Ettiğiniz laf, oturduğunuz kimseler, sergilediğiniz davranışlar anında afişe oluyor.
Hoş, Başaran Bey bunu öyle utana sıkıla da konuşmuyor.
Kim ne yazarsa yazsın umurumda değil edalarında olduğu öteden beri biliniyor.
Ömer Faruk Başaran salt bir iş adamı olsaydı bizim de onun ne yaptığı ne dediği, eşi hanımefendinin neler yaptığı falan umurumuz olmazdı.
Ama değil mi ki yeni kurulan siyasi bir partinin il başkanı, o zaman Sayın Başaran’ın her dediği, her yaptığı bizi ilgilendiriyor.
Kendi medyasını oluşturması, onu bu kimlikten ve sorumluluktan kurtarmıyor.
***
Mesela Gelecek Partisi ile ilgili Kocaeli’de kazan kaynıyor.
Çok yakında basın açıklaması yapmak zorunda kalacağına kalıbımı basarım.
Biz de onun bütün üstten bakışlarına rağmen Gelecek Partisi ile alakalı olumlu-olumsuz haberlerine yer vermeyi sürdüreceğiz.
Mevzu küçümsemeye gelirse, aynı dilden konuşmayı biliriz.
Ahmet Davutoğlu’nun olduğu ortamda Başaran’ın eşinin, Ömer Faruk Bey için “Bir oturuşta bir danayı tek başına yer veya paramla istediğim her şeyi satın alabilirim” gibilerinden gereksiz, sıradan, geyik muhabbetleri haber diye kaleme alabiliriz.
Ama bunlar haber değil.
Ancak toplumun gözünde bir ölçüdür.
Bilmem anlatabildim mi (?)
O yüzden herkes haddini ve yerini bilmeli, ona göre kendine çeki düzen vermeli, işi şımarıklığa indirgememeli.
Kendi ölçeğinde bu sektörde bütün arkadaşlarımız bir değerdir.
Ya size yanlış anlattılar ya da siz yukarıdan aşağısını tam göremiyorsunuz.
Zaman diyelim…
***
Ömer Faruk Başaran’a atıldığı medya sektöründe üstün başarılar diliyorum.
Aynı heves ve heyecanı siyasette de görmeyi bekleyen, Ahmet Davutoğlu’ndan umutlu binlerce insan olduğu unutulmasın.
Siyaset zor ve meşakkatli bir iştir.
Malzemesi insandır. Sabır gerektirir, hoşgörü gerektirir.

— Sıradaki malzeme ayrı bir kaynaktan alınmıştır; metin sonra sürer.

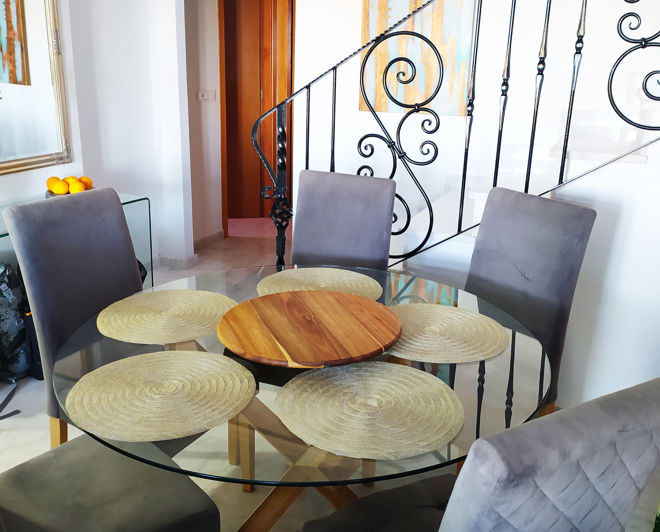 Image No.6-4 Bed Villa for sale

Fakirin halinden anlamayı gerektirir.
Bir sürü alt tabaka insanın derdiyle dertlenmeyi gerektirir.
Elit olmak suç değil, ben de pek çok insan gibi elit olan her şeyi severim.
Benim elitlikten anladığım, eşittir KALİTEDİR…
Ama bu kimseyi hakir görmeniz anlamı taşımamalı.
Hele hele politika yapıyorsanız, on kere düşünüp bir kere konuşmalısınız.